■ Given data ■
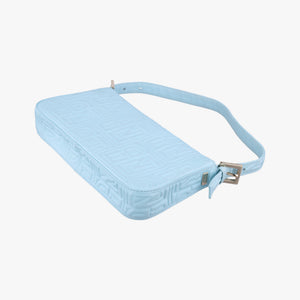 Pre-owned Fendi BAGUETTE Blue Leather 8BR600 shoulderbag | stylenewstar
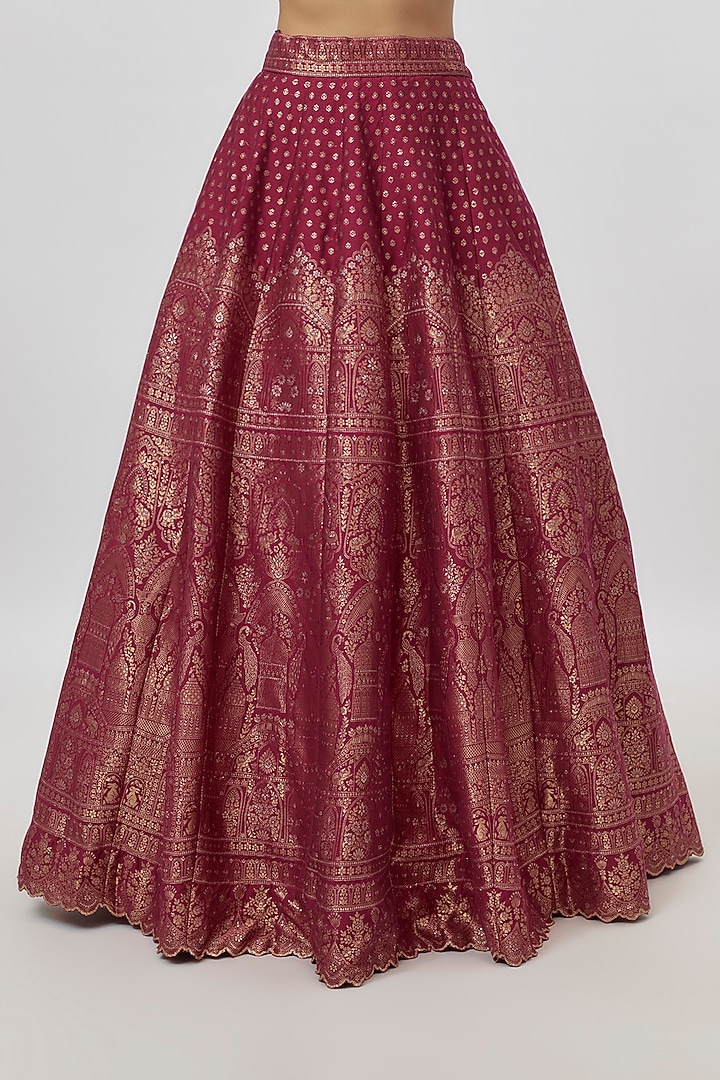 Red Vegan Silk Zari Work Wedding Lehenga Set by Safaa at Pernia's Pop Up Shop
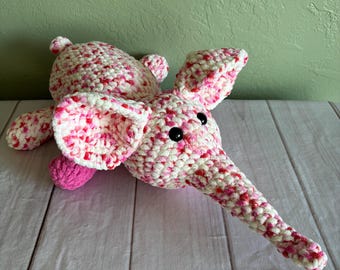 Crochet Elephant Plushie: Handmade Amigurumi Toy - Pink, Red, and White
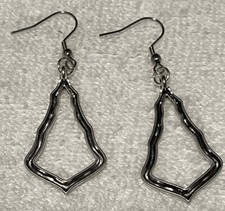 Teardrop Silver Charm Earrings w/Stainless Steel Earwires NEW Handmade
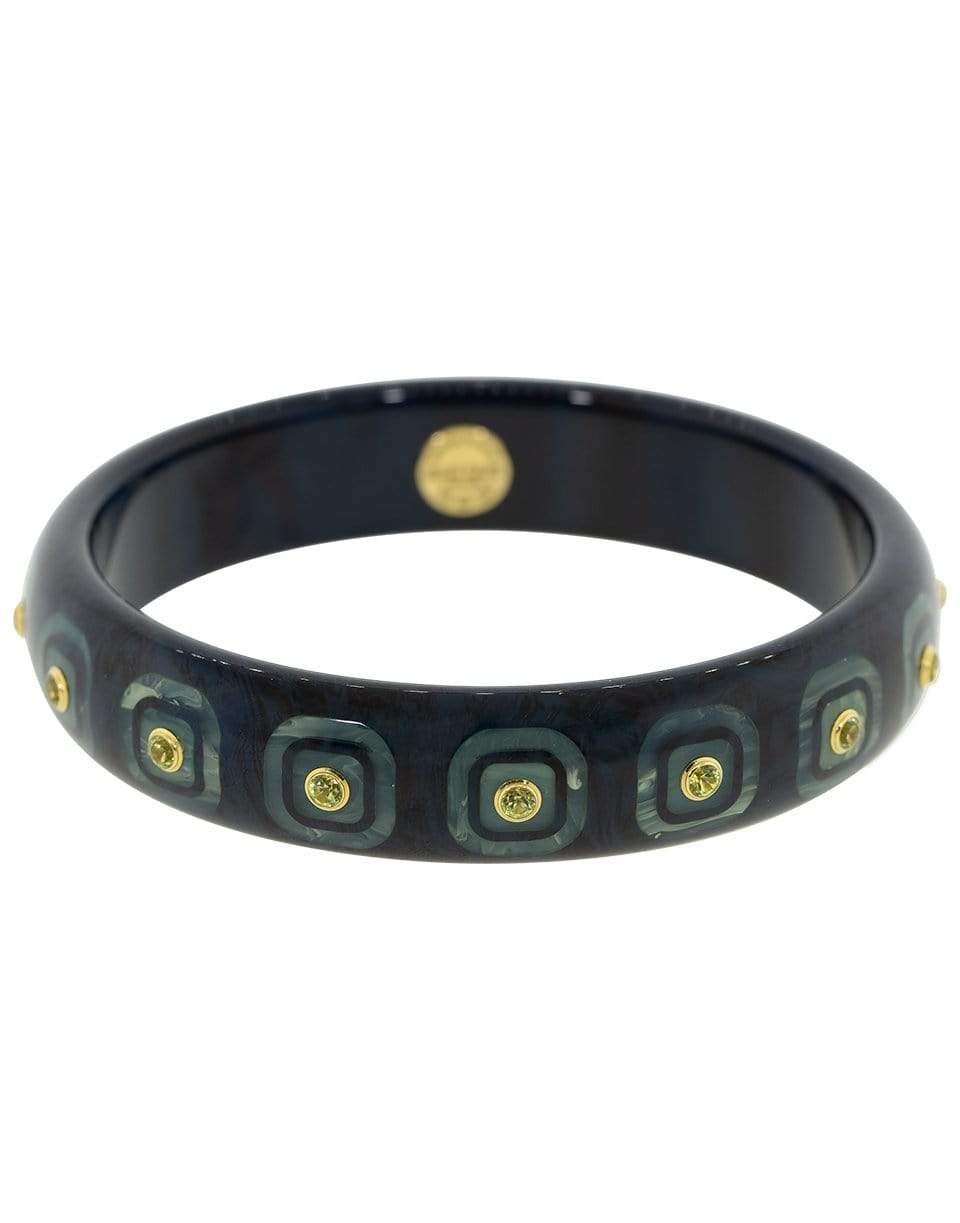 MARK DAVIS-Peridot Blue Bakelite Bangle-YELLOW GOLD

■ Work task ■
With the pictures removed, please retype each record exactly.

■ Response below ■
 Pre-owned Fendi BAGUETTE Blue Leather 8BR600 shoulderbag | stylenewstar
 Red Vegan Silk Zari Work Wedding Lehenga Set by Safaa at Pernia's Pop Up Shop
 Crochet Elephant Plushie: Handmade Amigurumi Toy - Pink, Red, and White
 Teardrop Silver Charm Earrings w/Stainless Steel Earwires NEW Handmade
 MARK DAVIS-Peridot Blue Bakelite Bangle-YELLOW GOLD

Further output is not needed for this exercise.